- WHAT IS NEEDED -
Reproduce the listing below exactly, minus its pictures.

- GIVEN DATA -
>>>

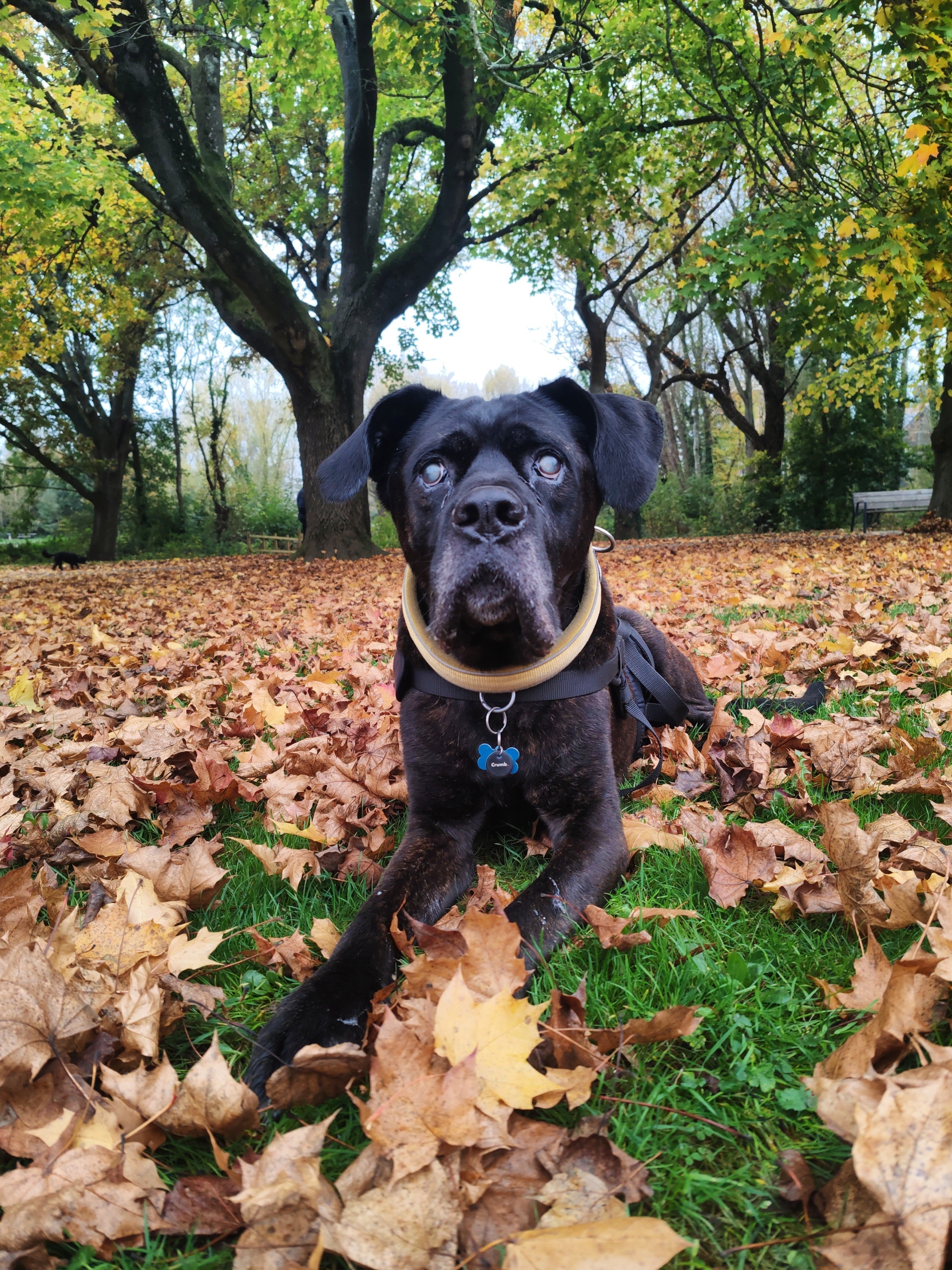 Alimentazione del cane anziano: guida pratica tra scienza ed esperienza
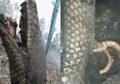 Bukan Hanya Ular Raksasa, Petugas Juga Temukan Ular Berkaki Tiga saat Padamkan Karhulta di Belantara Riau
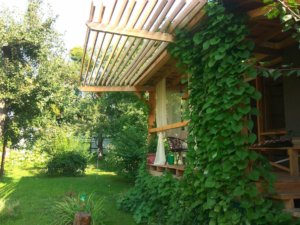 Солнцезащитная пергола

<<<

- EXERCISE RESPONSE -
 Alimentazione del cane anziano: guida pratica tra scienza ed esperienza
 Bukan Hanya Ular Raksasa, Petugas Juga Temukan Ular Berkaki Tiga saat Padamkan Karhulta di Belantara Riau
 Солнцезащитная пергола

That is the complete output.